§ **Work item**
With pictures omitted, transcribe exactly the lines from the one containing "Before and after images" to the end of the records below.

Available records: Begin

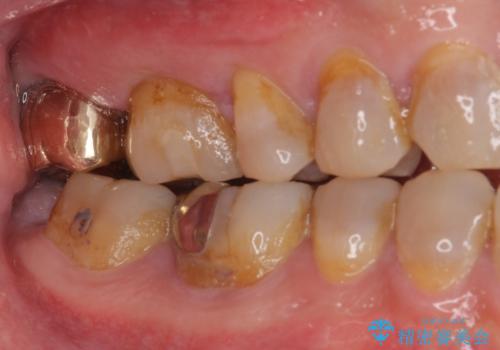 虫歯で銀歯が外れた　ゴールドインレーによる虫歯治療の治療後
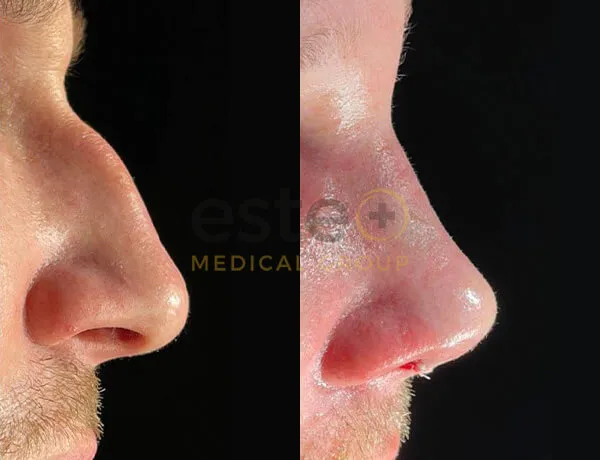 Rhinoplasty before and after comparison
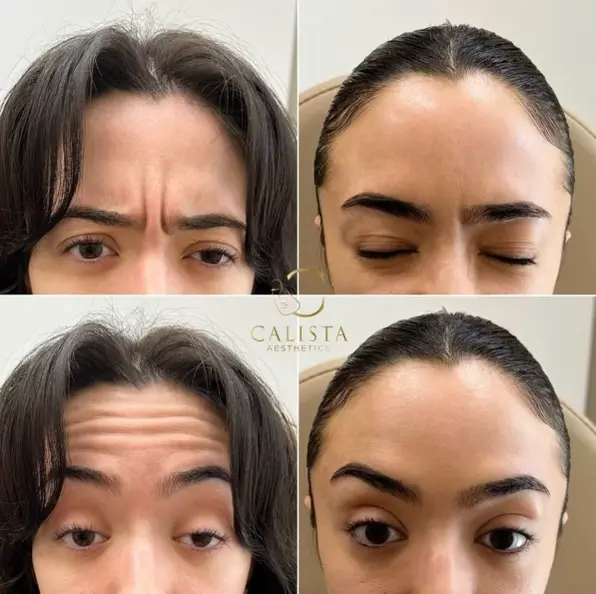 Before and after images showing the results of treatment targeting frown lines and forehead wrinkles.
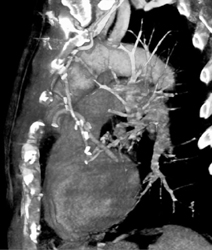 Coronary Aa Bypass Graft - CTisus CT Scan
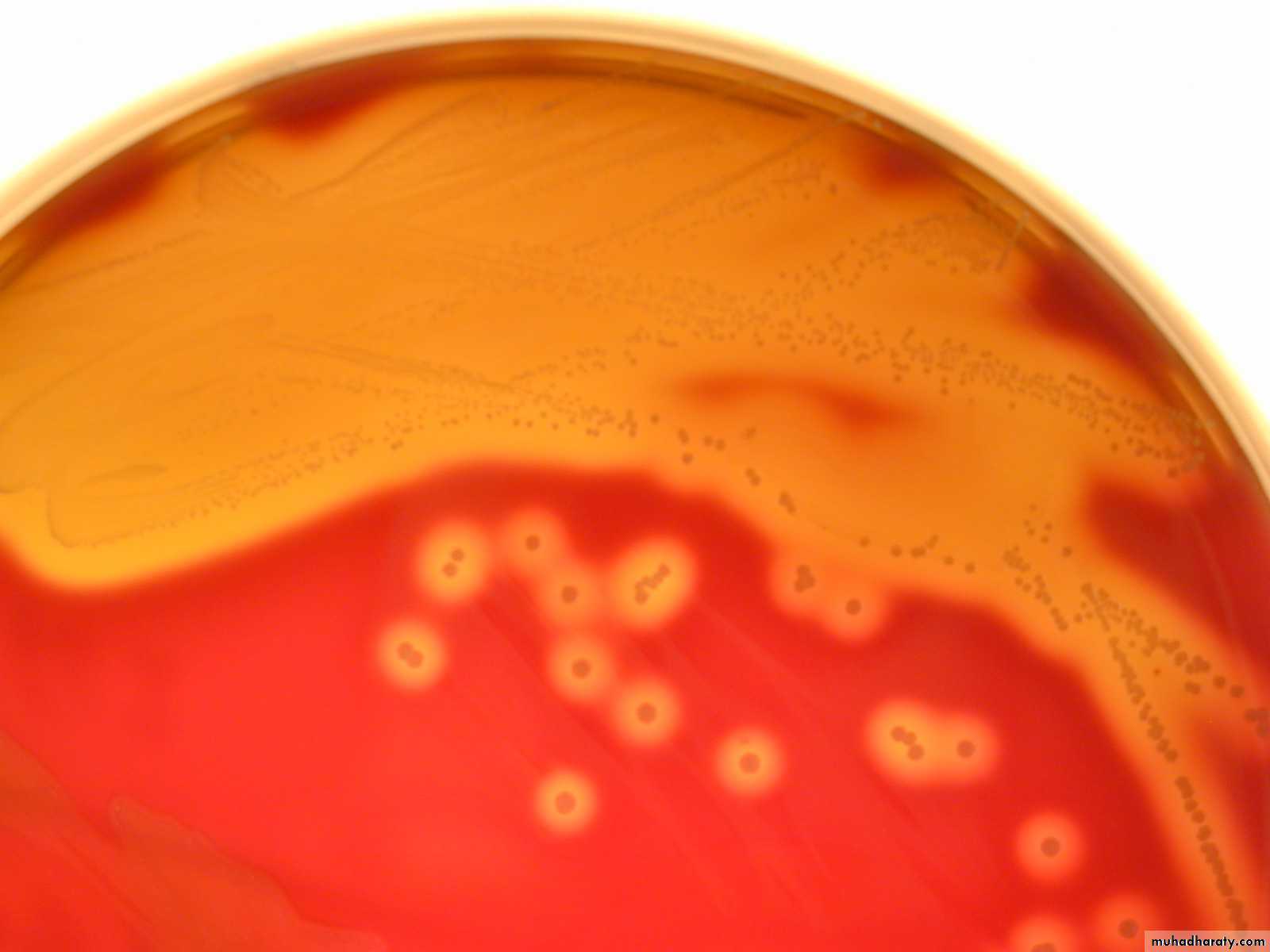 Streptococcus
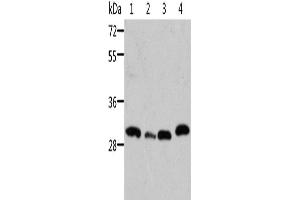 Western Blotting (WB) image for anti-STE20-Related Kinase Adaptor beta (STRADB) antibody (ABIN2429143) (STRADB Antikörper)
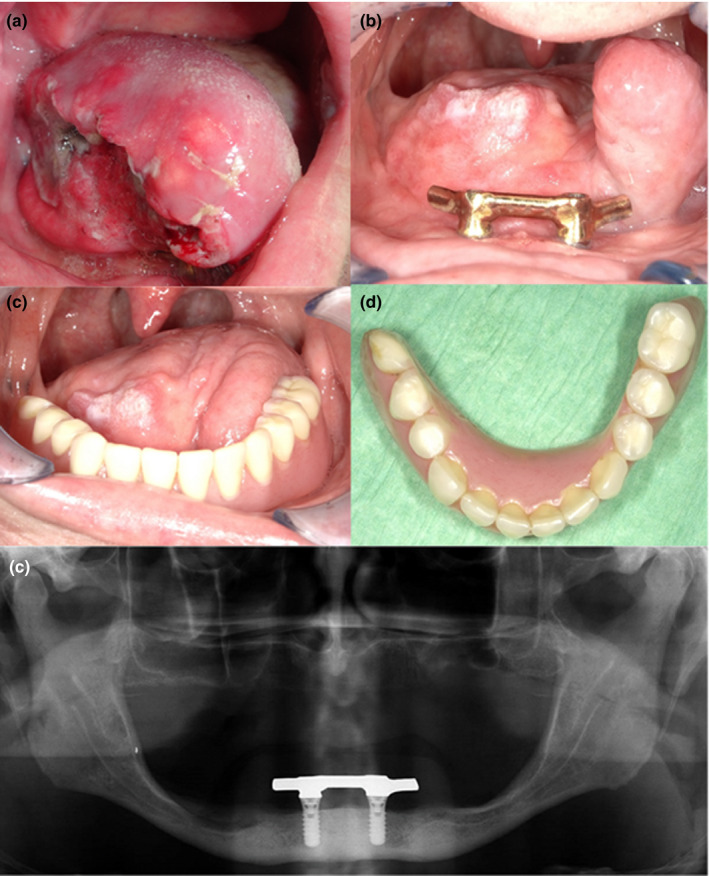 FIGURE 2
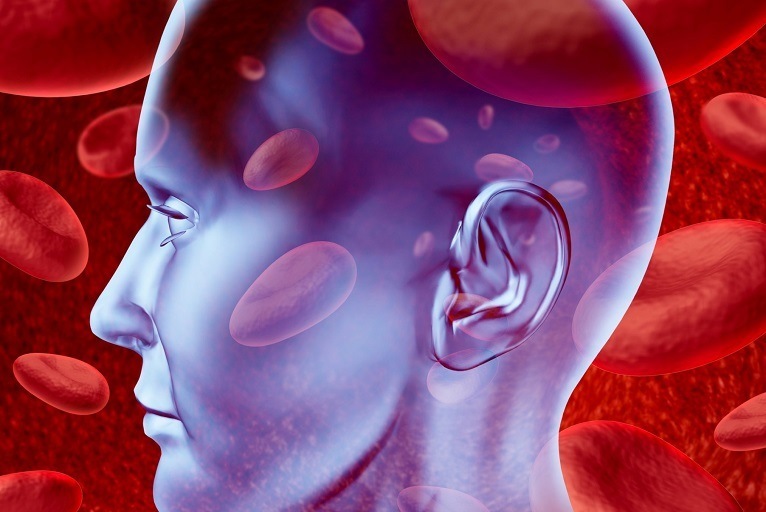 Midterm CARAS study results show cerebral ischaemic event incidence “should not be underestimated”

Available records: End

§ **Reply**
 Before and after images showing the results of treatment targeting frown lines and forehead wrinkles.
 Coronary Aa Bypass Graft - CTisus CT Scan
 Streptococcus
 Western Blotting (WB) image for anti-STE20-Related Kinase Adaptor beta (STRADB) antibody (ABIN2429143) (STRADB Antikörper)
 FIGURE 2
 Midterm CARAS study results show cerebral ischaemic event incidence “should not be underestimated”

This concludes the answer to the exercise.